The district has objected to his lawyers’ request for “all documents, communications, records, reports, memoranda, meeting notes, meeting minutes, meeting agendas, and other writings pertaining to the investigation into complaints of bullying of certain players on the Team during the 2017-2018 season and school year.”
The fall 2018 investigation by the district concluded that no bullying had taken place. Baron had resigned from his position the year before, in November 2017.
In a June 2018 affidavit, Baron stated that it had been reported to him that two players had been bullying other players on the girls’ varsity basketball team, which by that time was being coached by Andrew Karins.
An unredacted version of Baron’s personnel file revealed for the first time that the two players accused of bullying their teammates were also the same players who had been the “primary complainants against him” in November 2017, according to Baron’s latest court filing.
The two players graduated from Voorheesville in June 2018.
The district has called the demand to produce any such records “vague, ambiguous, overbroad, and … not reasonably calculated to lead to the discovery of admissible evidence.”
Further, the district objects to the demand because, it says, Baron’s lawyers are seeking information that postdates Baron’s resignation. Baron’s lawyer, Harold Gordon, in court documents, argues this is “specious reasoning.”
“The information sought relates to Baron’s separation from employment, and such information is solely within the possession of the District, which should not be able to use such information as a shield and a sword,” Gordon writes.
The court papers state that, in addition to several of the bullying allegations relating to or referencing Baron directly, some of the alleged bullying took place during Baron’s tenure as varsity girls’ basketball coach.
Bullying examples cited in the court documents include the placement of a sign on the lawn at the home of a player and parents supportive of Baron which said, “F*** Baron.”
“Further, during their respective depositions,” the court papers say, the two players accused of bullying — who were also the primary complainants against Baron — “admitted to the existence of a doll which upon information and belief had been characterized as a ‘voodoo’ doll of Baron by several Team players.
“Upon information and belief, the doll was used as an effigy of Baron to mock him in front of other Team players throughout the season.”

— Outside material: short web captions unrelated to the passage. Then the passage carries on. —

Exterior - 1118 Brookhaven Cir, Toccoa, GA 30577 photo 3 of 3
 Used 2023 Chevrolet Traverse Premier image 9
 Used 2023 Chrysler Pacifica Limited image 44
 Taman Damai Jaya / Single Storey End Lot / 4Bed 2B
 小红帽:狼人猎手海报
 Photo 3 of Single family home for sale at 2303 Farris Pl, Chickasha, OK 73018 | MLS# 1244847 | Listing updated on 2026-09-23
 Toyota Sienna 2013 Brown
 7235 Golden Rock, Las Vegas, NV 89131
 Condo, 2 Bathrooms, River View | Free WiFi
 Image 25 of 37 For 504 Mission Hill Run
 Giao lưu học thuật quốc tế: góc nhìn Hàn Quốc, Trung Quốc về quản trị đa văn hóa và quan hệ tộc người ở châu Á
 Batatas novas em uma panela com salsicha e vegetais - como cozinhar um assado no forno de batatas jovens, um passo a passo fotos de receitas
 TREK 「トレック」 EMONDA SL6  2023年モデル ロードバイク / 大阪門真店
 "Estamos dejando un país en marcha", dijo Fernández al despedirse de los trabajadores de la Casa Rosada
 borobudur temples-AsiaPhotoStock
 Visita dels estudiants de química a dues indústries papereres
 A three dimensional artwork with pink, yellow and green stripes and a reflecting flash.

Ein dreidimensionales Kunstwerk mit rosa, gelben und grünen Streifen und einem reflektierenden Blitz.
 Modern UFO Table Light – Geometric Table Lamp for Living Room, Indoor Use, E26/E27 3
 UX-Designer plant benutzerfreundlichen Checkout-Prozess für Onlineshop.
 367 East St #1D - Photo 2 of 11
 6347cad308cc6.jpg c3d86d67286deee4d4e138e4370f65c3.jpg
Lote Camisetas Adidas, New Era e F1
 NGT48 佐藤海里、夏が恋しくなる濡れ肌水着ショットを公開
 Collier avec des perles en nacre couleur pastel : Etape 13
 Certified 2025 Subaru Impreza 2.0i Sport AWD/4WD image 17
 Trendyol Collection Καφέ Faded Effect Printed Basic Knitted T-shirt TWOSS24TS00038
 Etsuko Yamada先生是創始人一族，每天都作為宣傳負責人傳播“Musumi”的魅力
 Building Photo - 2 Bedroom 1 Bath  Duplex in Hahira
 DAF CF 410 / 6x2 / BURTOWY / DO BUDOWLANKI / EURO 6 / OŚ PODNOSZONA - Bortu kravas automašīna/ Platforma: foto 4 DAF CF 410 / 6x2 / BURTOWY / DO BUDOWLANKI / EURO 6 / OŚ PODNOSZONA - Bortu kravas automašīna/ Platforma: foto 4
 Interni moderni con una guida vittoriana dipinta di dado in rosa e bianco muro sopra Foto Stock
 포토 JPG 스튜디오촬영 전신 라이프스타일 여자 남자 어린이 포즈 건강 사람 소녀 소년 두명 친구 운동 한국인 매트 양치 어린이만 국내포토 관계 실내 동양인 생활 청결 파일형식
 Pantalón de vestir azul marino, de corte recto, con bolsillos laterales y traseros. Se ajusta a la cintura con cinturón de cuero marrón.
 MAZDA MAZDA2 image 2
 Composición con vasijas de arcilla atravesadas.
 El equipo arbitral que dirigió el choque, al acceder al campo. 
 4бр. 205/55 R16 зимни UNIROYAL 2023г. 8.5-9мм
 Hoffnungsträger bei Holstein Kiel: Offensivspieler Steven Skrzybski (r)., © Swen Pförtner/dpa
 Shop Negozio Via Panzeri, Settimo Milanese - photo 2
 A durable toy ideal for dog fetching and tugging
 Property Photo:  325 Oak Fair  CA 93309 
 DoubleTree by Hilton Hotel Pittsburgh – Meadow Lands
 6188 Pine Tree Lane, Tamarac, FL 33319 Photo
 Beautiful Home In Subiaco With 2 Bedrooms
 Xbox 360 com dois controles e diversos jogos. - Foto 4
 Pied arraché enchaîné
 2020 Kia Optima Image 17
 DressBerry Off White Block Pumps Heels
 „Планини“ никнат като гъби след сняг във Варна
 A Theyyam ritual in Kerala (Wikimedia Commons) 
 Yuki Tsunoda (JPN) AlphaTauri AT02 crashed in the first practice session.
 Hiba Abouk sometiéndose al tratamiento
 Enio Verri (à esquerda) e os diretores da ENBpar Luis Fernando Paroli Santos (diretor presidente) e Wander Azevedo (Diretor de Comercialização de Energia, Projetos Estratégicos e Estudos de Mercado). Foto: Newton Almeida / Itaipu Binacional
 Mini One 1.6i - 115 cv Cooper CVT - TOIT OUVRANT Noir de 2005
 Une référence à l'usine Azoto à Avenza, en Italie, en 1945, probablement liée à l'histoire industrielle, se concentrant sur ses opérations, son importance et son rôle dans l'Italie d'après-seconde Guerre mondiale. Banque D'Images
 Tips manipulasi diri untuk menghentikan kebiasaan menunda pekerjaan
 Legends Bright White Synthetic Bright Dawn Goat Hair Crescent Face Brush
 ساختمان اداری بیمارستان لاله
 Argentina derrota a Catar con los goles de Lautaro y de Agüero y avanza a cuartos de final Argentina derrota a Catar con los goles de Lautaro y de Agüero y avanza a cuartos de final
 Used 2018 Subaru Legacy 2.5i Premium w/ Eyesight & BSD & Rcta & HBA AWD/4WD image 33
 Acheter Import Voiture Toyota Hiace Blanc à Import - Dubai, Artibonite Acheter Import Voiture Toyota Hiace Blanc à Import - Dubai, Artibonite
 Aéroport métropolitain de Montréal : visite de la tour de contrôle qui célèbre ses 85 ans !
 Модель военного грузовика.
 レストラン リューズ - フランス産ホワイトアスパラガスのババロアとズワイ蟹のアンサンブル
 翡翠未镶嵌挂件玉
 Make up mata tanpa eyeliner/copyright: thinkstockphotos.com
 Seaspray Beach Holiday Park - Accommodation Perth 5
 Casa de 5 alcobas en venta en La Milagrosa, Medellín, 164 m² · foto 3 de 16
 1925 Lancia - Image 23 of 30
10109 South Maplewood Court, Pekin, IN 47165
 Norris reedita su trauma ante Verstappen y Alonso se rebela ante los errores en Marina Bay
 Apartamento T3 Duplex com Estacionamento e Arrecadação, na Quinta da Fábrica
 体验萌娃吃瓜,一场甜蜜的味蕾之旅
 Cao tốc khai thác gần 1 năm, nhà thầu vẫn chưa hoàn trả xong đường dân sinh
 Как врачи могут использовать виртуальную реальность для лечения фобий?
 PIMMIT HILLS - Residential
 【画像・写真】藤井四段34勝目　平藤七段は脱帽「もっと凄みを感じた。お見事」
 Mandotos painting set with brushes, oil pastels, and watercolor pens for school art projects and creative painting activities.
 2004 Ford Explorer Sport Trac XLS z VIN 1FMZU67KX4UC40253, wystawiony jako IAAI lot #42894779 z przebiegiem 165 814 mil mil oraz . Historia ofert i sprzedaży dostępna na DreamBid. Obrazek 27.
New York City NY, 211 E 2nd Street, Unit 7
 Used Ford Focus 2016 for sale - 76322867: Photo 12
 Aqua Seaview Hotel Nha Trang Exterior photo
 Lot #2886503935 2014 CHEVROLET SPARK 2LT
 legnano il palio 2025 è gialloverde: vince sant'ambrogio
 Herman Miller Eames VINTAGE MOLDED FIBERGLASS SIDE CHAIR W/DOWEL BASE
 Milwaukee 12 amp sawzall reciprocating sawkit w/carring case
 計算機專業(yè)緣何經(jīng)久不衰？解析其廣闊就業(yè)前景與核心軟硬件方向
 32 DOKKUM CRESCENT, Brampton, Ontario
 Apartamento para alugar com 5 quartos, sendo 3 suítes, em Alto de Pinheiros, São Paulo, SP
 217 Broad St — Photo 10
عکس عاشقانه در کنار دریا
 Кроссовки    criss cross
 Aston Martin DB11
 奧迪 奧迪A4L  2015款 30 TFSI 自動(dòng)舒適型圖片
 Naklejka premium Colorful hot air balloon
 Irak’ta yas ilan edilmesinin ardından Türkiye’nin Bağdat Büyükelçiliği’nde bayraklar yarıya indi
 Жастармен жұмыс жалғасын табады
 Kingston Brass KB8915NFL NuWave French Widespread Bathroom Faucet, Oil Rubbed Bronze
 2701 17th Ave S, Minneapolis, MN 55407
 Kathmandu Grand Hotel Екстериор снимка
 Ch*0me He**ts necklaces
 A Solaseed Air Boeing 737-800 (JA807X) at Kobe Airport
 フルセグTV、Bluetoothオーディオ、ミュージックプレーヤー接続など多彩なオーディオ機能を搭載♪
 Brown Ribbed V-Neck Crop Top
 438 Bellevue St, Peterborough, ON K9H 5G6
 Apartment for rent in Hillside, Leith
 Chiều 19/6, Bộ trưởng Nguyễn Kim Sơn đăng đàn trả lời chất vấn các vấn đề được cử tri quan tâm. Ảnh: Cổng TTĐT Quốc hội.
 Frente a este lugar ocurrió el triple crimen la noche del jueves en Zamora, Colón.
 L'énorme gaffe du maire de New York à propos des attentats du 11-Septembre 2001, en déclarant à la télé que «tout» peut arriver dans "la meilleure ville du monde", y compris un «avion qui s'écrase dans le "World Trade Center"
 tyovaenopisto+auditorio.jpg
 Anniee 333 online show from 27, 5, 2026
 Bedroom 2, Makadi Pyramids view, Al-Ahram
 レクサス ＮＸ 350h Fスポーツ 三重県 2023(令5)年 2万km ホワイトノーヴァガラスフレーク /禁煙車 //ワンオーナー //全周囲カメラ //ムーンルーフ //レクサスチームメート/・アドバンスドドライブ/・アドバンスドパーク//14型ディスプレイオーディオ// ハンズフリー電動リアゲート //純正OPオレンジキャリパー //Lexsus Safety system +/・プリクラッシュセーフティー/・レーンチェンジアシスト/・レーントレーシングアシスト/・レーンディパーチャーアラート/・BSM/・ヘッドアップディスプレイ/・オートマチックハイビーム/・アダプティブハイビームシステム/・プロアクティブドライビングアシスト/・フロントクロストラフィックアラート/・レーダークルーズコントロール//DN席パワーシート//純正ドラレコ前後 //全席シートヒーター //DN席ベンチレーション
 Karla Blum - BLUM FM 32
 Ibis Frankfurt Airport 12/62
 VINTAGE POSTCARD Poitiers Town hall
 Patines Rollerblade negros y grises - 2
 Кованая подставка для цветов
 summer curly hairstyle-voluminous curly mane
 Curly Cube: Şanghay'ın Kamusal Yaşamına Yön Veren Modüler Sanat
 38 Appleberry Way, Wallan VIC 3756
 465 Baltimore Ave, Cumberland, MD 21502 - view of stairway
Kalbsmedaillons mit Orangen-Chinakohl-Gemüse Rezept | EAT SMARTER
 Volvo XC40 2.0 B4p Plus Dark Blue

The court papers also say that one or both of the players accused of bullying on “repeated occasions” while in the presence of other players said to Karins, “in actual words or substance”: “Be careful, or we’ll get you fired too.”
Karins stepped down as the head coach of the girls’ varsity basketball team in September 2018 after he had led the team to the Section II, Class B championship earlier that year. Karins was appointed head coach of modified girls’ volleyball during the same school-board meeting in which his resignation as the girls’ basketball coach was accepted.
“The player bullying complaint and investigation was directly related to, involved and concerned the ouster of Baron,” court papers say.
The district is expected to respond to the most recent request for documents related to its investigation of players’ complaints of bullying by mid-October, according to court papers.